The game has been criticised for donating only 20.3% of the ticket price to causes, compared with 28% donated by the National Lottery. Spokespersons for the Health Lottery argue that the game will grow the market. Some attention was also given to the possibility that favourable coverage of the lottery in Desmond's Daily Express and the Daily Star amounted to disguised advertising, which was reported to the Advertising Standards Authority, who found the issue to be outside their remit. The Culture Secretary Jeremy Hunt announced in October 2011 that the Gambling Commission would investigate the legality of the Health Lottery, after questions were raised about the way the lottery was being run and the cost to smaller lotteries nationwide.

Camelot Group attempted to take High Court legal action to have the Health Lottery's gambling licence revoked in 2012, claiming that they had not received adequate protection from the Gambling Commission. Camelot lost the case, a verdict described by Richard Desmond as

“a complete vindication of all the hard work that has gone into launching The Health Lottery…if Camelot had succeeded in this case, they would have shut down lifeline funding to hundreds of health projects and charities.
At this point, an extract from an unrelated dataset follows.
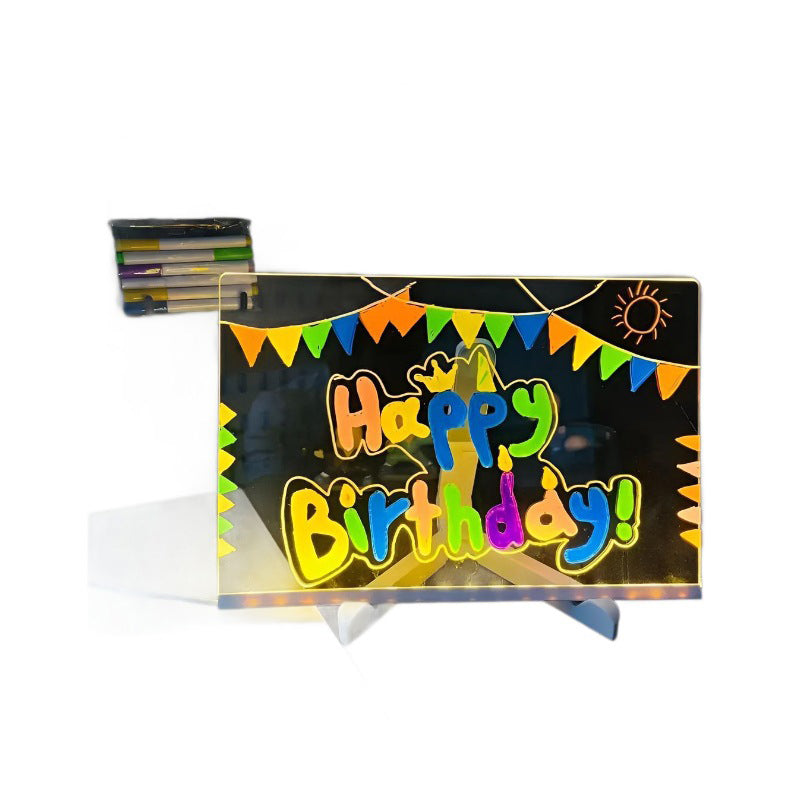 🎁Begrüßen Sie Weihnachten mit 50 % Rabatt💥🎉Löschbare, beleuchtete Acryl-Zeichentafel mit Ständer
The charity sector would have lost out badly."

==Structure==
To circumvent the requirements of the Gambling Act, the Health Lottery is not structured as a national lottery, but rather as twelve different society lotteries, each one representing at least one local authority area within England, Scotland and Wales. Each society lottery is licensed by the Gambling Commission and operates as an individual community interest company, or CIC. Different CICs take turns in participating in a weekly draw so each week different CICs are represented and every region gets a share of the pot. Money is then donated to support health-related causes within their respective local areas. The Health Lottery ELM Ltd operates as an external lottery manager to oversee the society lotteries. The ELM charges a management fee of 0.5p in every pound, which provides the profit for the lottery owners. The allocation of funds to causes raised by the Health Lottery is determined by the relevant CICs and their partner charity, the People’s Health Trust, and not by The Health Lottery ELM Ltd. They usually support local charities and grassroots projects.
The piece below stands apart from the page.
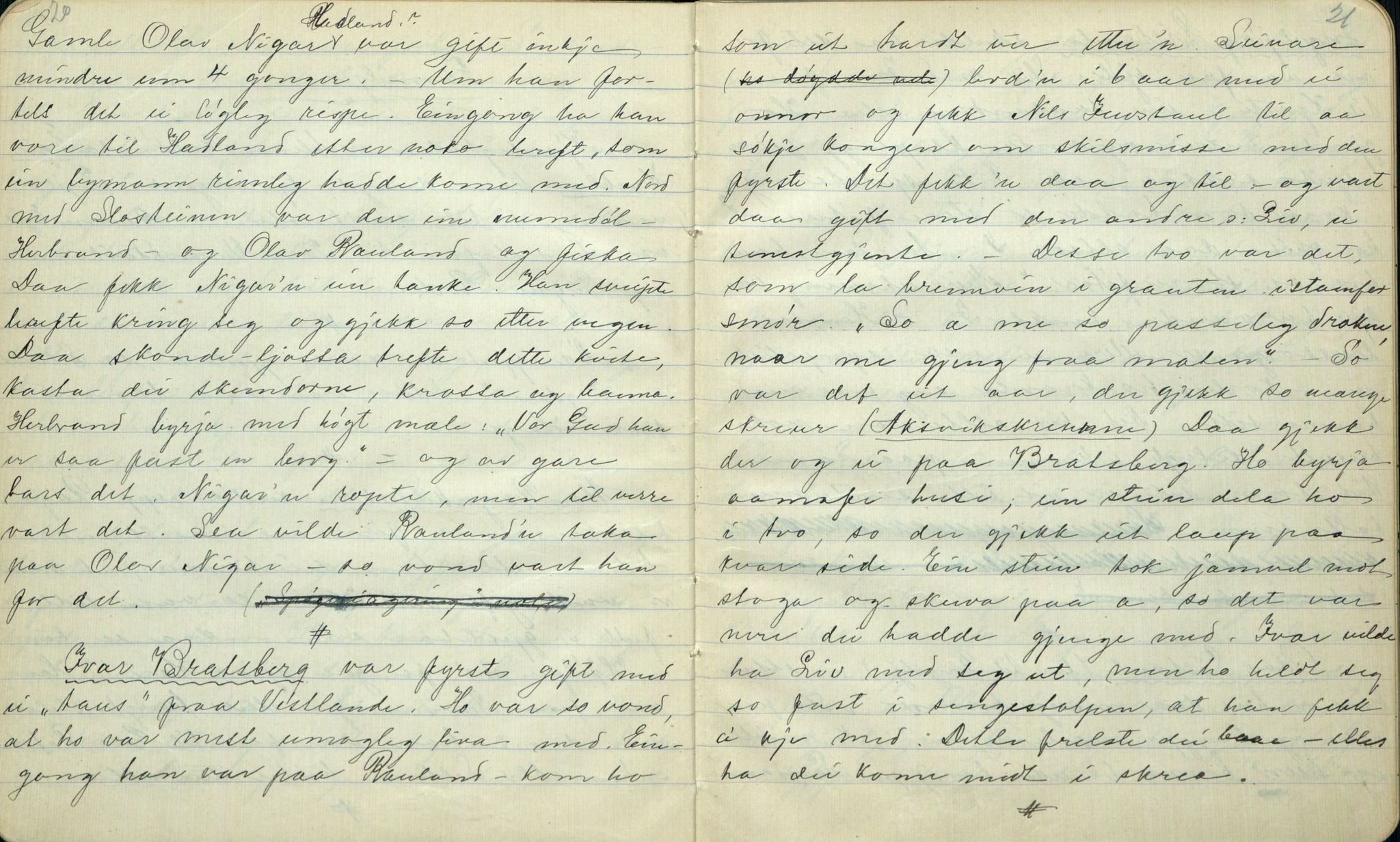 Rikard Berge, TEMU/TGM-A-1003/F/L0001/0005: 001-030 Innholdslister / 2. Erindringer om merkelige begivenheter, slegter, personligheder, 1900, p. 20-21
In 2010 this complicated structure was judged by the Gambling Commission regulatory panel to be "close to the line in respect of section 99 of the [Gambling] Act" and that while the structure was "capable of being compliant with the Act" it was "finely balanced". Concern was expressed that the individual lotteries were not to be combined into one de facto national lottery, as to do so would be a breach of the Act.